## Source data
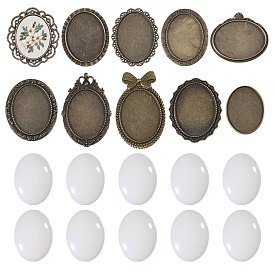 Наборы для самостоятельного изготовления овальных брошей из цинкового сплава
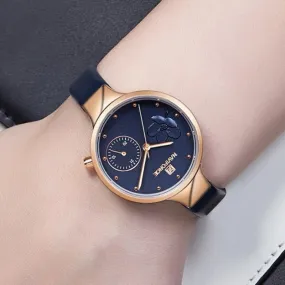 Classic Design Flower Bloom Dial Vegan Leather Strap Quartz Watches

* * *

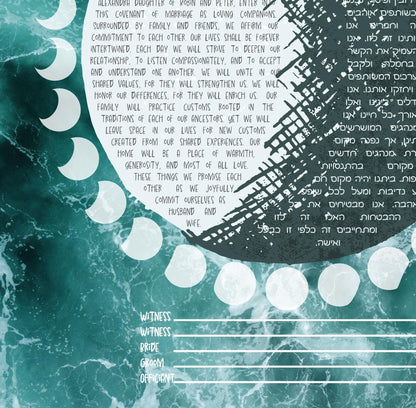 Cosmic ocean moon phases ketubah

* * *

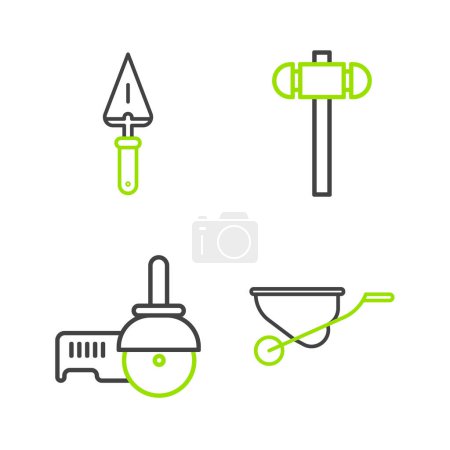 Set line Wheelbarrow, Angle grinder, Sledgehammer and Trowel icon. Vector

## About this exercise
Above are entries with pictures among them. Write out exactly the lines from the one containing "Наборы для самостоятельного" through the one containing "Classic Design Flower", ends included, and leave those pictures out.

## Your response
 Наборы для самостоятельного изготовления овальных брошей из цинкового сплава
 Classic Design Flower Bloom Dial Vegan Leather Strap Quartz Watches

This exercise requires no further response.